In questi anni Iwao Hakamada è stato sostenuto da tantissime persone, tra cui anche alcuni membri di spicco del pugilato nazionale. Lo stesso Norimichi Kumamoto, uno dei giudici che lo aveva condannato colpevole nel 1968, ha ritrattato la sua decisione nel 2007.

A schierarsi dalla parte di Hakamada anche Amnesty International che ha collaborato in tutti questi anni insieme alla Japan Pro Boxing Association per chiedere la riapertura del caso.

Nel 2008, anche grazie al clamore di tutta la vicenda, è stato effettuato un nuovo test del DNA, messo in dubbio poi dall’accusa, sui capi d’abbigliamento macchiati di sangue, utilizzati anni prima per dimostrare la colpevolezza dell’ex pugile. I risultati hanno restituito che il sangue ritrovato non corrispondeva a quello di Hakamada.

Nel 2014, il tribunale di Shizuoka che l’aveva precedentemente condannato, ha concesso la libertà vigilata all’uomo in attesa di un nuovo processo. La stessa Amnesty International in questi anni si è battuta affinché questo avvenisse.

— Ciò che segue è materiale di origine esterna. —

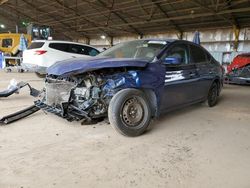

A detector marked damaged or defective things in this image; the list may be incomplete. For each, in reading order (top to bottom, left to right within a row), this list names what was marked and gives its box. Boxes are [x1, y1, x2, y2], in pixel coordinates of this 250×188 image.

crushed front end [35, 70, 141, 122]
crumpled hood [46, 56, 149, 75]
damaged blue car [34, 39, 223, 137]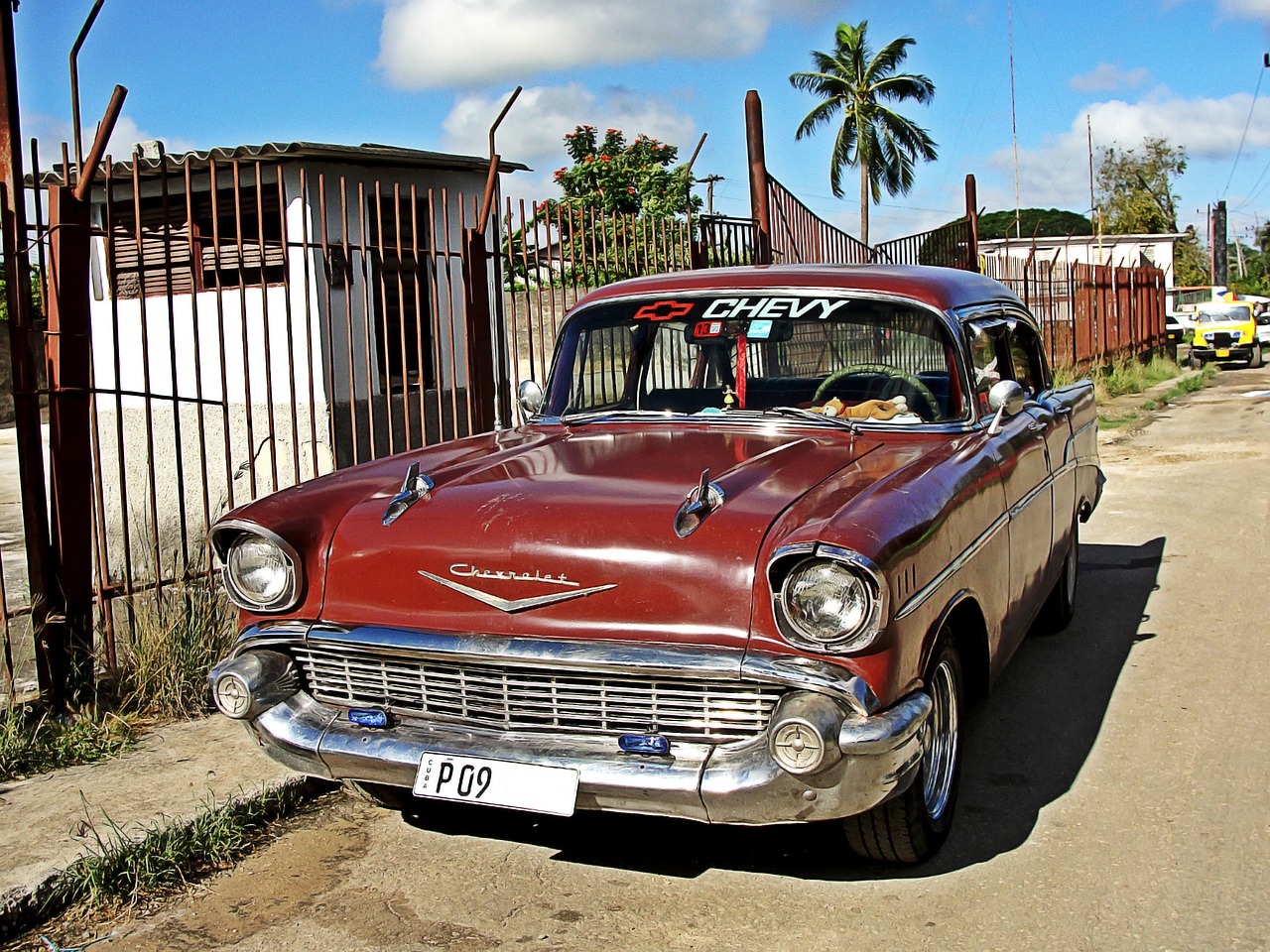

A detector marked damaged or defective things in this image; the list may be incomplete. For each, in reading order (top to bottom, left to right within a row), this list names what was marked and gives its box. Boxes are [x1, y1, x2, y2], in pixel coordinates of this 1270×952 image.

rusty fence post [741, 90, 767, 266]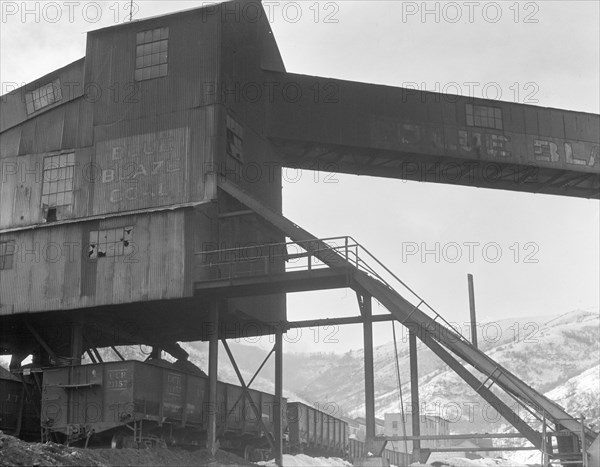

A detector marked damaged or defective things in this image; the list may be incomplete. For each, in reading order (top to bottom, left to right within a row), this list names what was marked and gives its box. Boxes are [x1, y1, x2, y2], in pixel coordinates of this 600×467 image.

broken window [135, 25, 169, 81]
broken window [25, 78, 62, 115]
broken window [226, 114, 243, 162]
broken window [466, 103, 504, 131]
broken window [41, 152, 75, 221]
broken window [88, 229, 134, 262]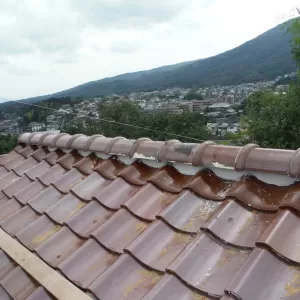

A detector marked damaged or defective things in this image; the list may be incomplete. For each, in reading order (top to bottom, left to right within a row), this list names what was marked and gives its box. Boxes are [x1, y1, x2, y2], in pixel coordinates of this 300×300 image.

rusty roof tile [0, 250, 16, 280]
rusty roof tile [2, 176, 32, 199]
rusty roof tile [0, 266, 38, 298]
rusty roof tile [0, 206, 39, 237]
rusty roof tile [13, 179, 46, 205]
rusty roof tile [24, 161, 51, 179]
rusty roof tile [16, 216, 61, 251]
rusty roof tile [28, 185, 63, 213]
rusty roof tile [34, 227, 85, 268]
rusty roof tile [44, 193, 86, 224]
rusty roof tile [51, 168, 86, 193]
rusty roof tile [57, 239, 118, 288]
rusty roof tile [65, 200, 113, 238]
rusty roof tile [71, 172, 111, 200]
rusty roof tile [94, 177, 140, 210]
rusty roof tile [91, 210, 149, 254]
rusty roof tile [86, 253, 162, 300]
rusty roof tile [122, 183, 178, 220]
rusty roof tile [125, 219, 193, 274]
rusty roof tile [142, 274, 211, 300]
rusty roof tile [159, 190, 220, 234]
rusty roof tile [168, 233, 250, 296]
rusty roof tile [202, 199, 276, 248]
rusty roof tile [225, 248, 300, 300]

“La storia di Iwao Hakamada ci dice che non dobbiamo mai smettere di lottare per il rispetto dei diritti umani. Iwao è stato condannato all’impiccagione per quadruplice omicidio e la sentenza si basava su una confessione, estorta con maltrattamenti e per sfinimento, dopo 20 giorni di estenuanti interrogatori, pestaggi e intimidazioni” – ha dichiarato Ileana Bello, direttrice generale di Amnesty Italia, in un’intervista su Vanity Fair“Eppure, da quell’11 settembre 1968 né lui, né i suoi familiari, né i suoi difensori, hanno mai perso le speranze. Ci auguriamo che Hakamada possa essere in aula durante il processo e possa finalmente ascoltare la parola che attende da oltre mezzo secolo: innocente”.

E alla fine, dopo una battaglia interminabile durata 45 anni, l’Alta Corte di Tokyo ha deciso che l’ex pugile merita un nuovo processo, tenendo conto di tutte le prove raccolte fino a questo momento.